Seriously. Eff The Scale.

The cover of my future book.
The cover of my future book.

“Why did I gain weight the second week of diet.”

“Gained weight week 2 discouraged”

“Stuck to plan and still gained weight.”

“How many chocolate bars can I eat in one hour and not die?”

These are the things I found myself Googling Friday morning after seeing I had gained almost a pound from last week after sticking to my diet RELIGIOUSLY.

Week one is easy on ANY diet because you always lose tons of weight the first week of a diet. But week two shouldn’t mean: GAIN! Not when you’ve actually been careful!

Let me back up a bit: The lowest I’ve been in the last two years is 135 (I’m 5’3″) and that was several months ago. I then proceeded to put on 10+ pounds and weighed in at about 145 when I first started using MyFitnessPal two weeks ago.

First week? 5+ pounds. 139lbs. EASY. Awesome. Now, I knew not to get really excited about that because I’ve started new diets often enough to know that the first week always sees you losing several pounds.

I figured I’d stay the same, or drop half-of-a-pound at the most on week two.

NOPE. Gained ONE pound.

Now, that should mean that I was 3500 calories in excess for the week – to equal weight gain of one pound. WHICH I KNOW IS A MATHEMATICAL IMPOSSIBILITY. Logically? I know I didn’t actually gain a pound. If anything? I turned some fat into muscle. Or I’m bloated. Or something. The smart side of my brain KNOWS not to panic about that one pound.
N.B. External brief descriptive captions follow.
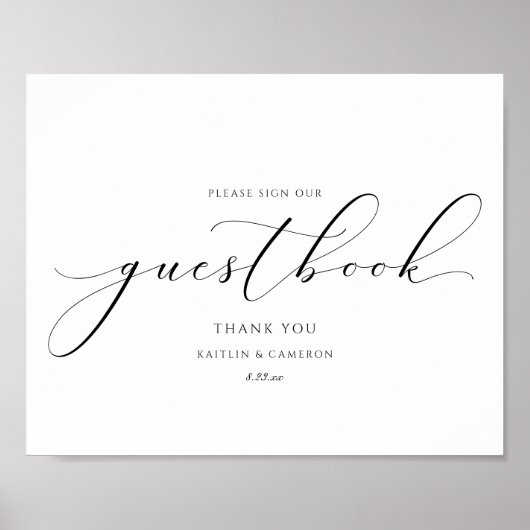 Luxury Wedding Guestbook Elegant Calligraphy Sign Poster (Voorkant)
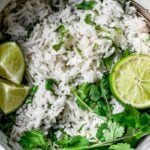 cilantro lime coconut rice in a pot.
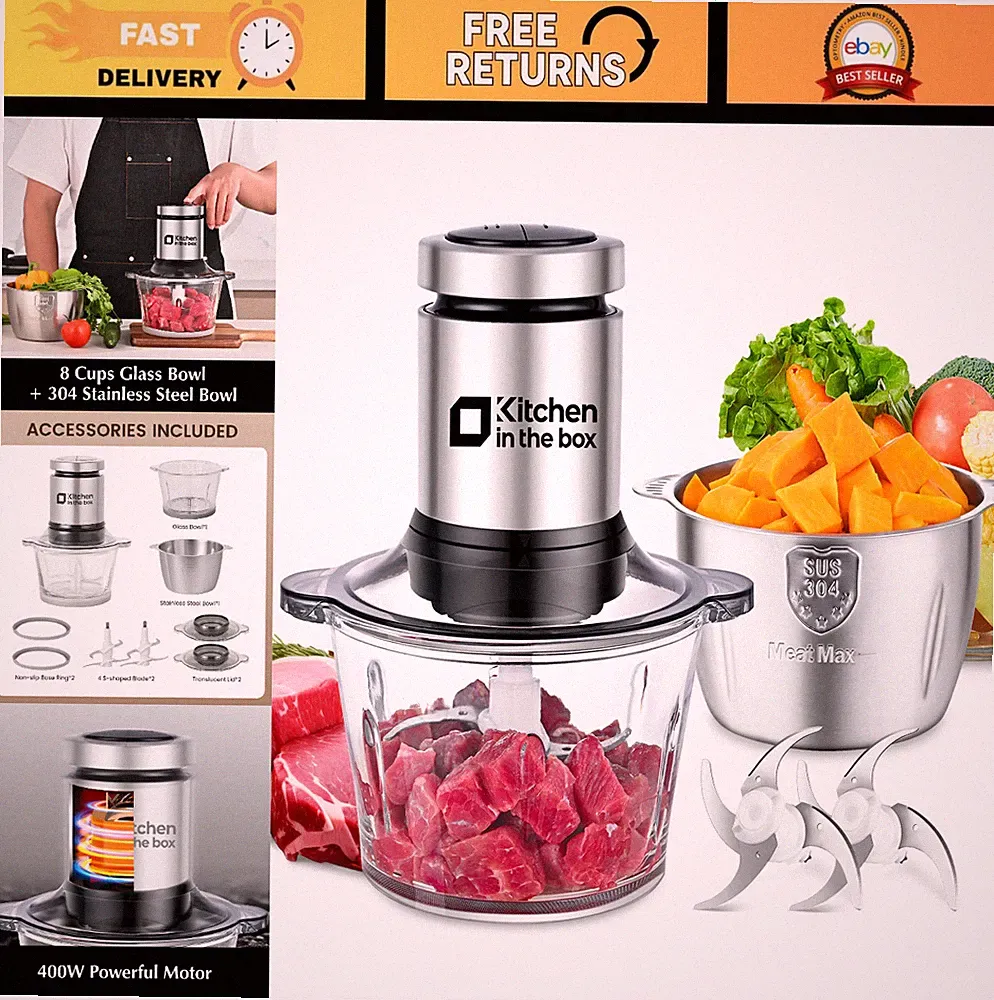 Powerful 400W Food Processor & Electric Meat Grinder, 2 Bowls, Bi-Level Blades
But the Crappy Body Image Addicted To Food part of my brain? Is a mess. I’m giving up my anxiety cure every night: Binging Before Bed. This makes me crazy all the time. But I’m doing it! Two weeks and no emotional eating binges! And to gain a pound? Makes that side of my CRAZY AS ALL CRAZY CAN BE.

I mean – EVERY DAY that pound stared at me from the scale – MOCKING my efforts to break my emotional addiction to food.

And then this weekend? The scale said 138.9. YAY! That seems better! Much more realistic considering my efforts!

And then this morning? Back to 140.2. Same as where it was all week when I went to bed everything night restless and anxious because I was not doing my pre-bed binge ritual.

LOGICAL BRAIN: Chill Out, Kim! You can see changes in your body! You’re proud of yourself and you look great! You’re fit! You’re awesome! You ran 31 miles this weekend! YOU KICK ASS. EFF THE SCALE. Don’t even look at the scale!

EMOTIONAL EATER SIDE OF MY BRAIN: Gained weight. There is no point. Give up now. Binge, Baby. BINGE!

Please tell me I’m not the only one stupid-crazy about this stuff? And please remind me that two weeks without a binge is such a great thing for a personal emotional connected to food and that I should not forget that, no matter what the scale says. Right? I don’t need to adjust my calories, do I? I mean – MyFitnessPal seems to be logical about all of that and gives me calories to eat when I work out. I should trust that and ignore this one pound, right?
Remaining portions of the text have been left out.